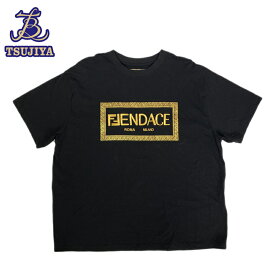 FENDACE フェンダーチェ　フェンディ×ヴェルサーチ　半袖Tシャツ　カットソー　ブラック　FY1144　AKDV　#L　中古A【辻屋質店A2501】【中古】【質屋出品】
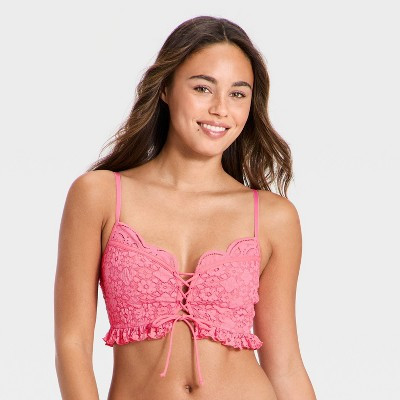 Women's Broderie Lace Corset - Wild Fable™ Pink L | Target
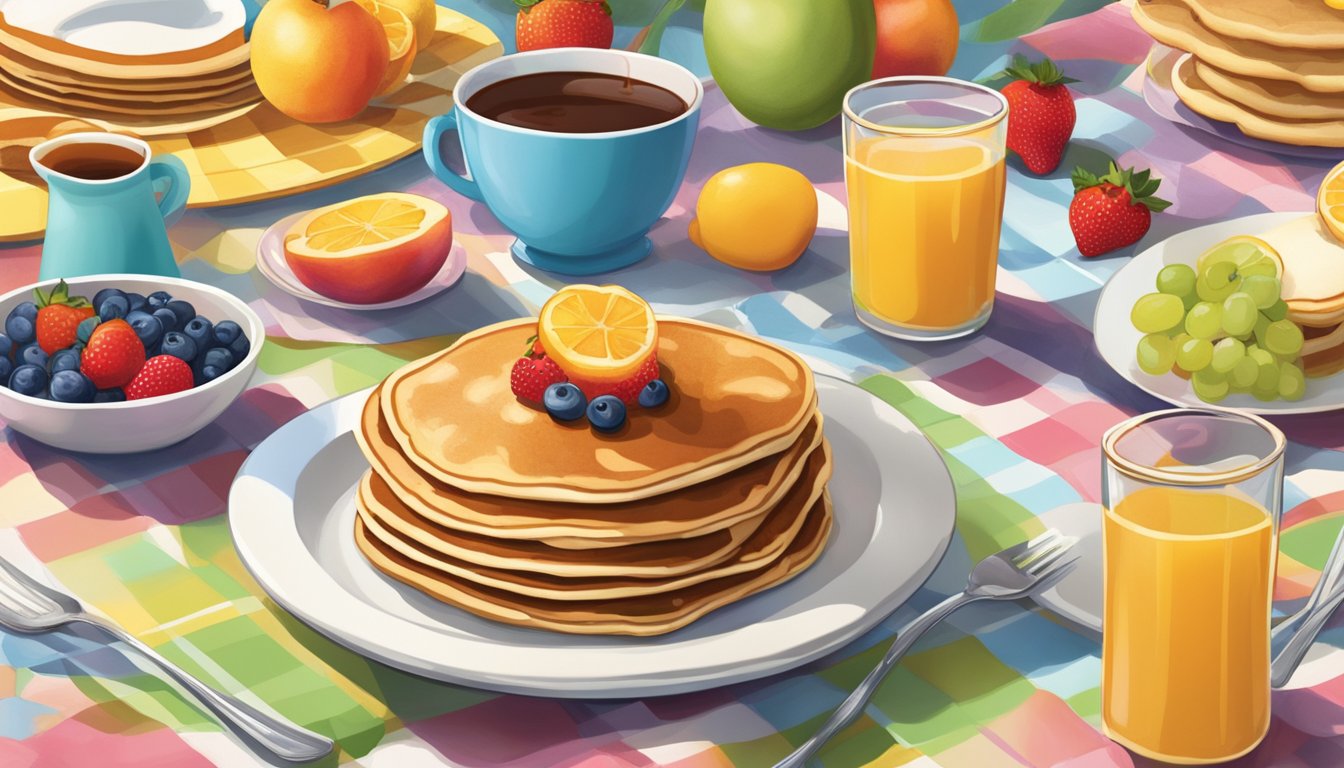 A colorful, whimsical breakfast spread with pancakes, waffles, fruit, and syrup on a fun, kid-friendly table setting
○ ○ ○ ○
### Work request
Could you retype every line above exactly as it appears, skipping the pictures?

### Written response
 FENDACE フェンダーチェ　フェンディ×ヴェルサーチ　半袖Tシャツ　カットソー　ブラック　FY1144　AKDV　#L　中古A【辻屋質店A2501】【中古】【質屋出品】
 Women's Broderie Lace Corset - Wild Fable™ Pink L | Target
 A colorful, whimsical breakfast spread with pancakes, waffles, fruit, and syrup on a fun, kid-friendly table setting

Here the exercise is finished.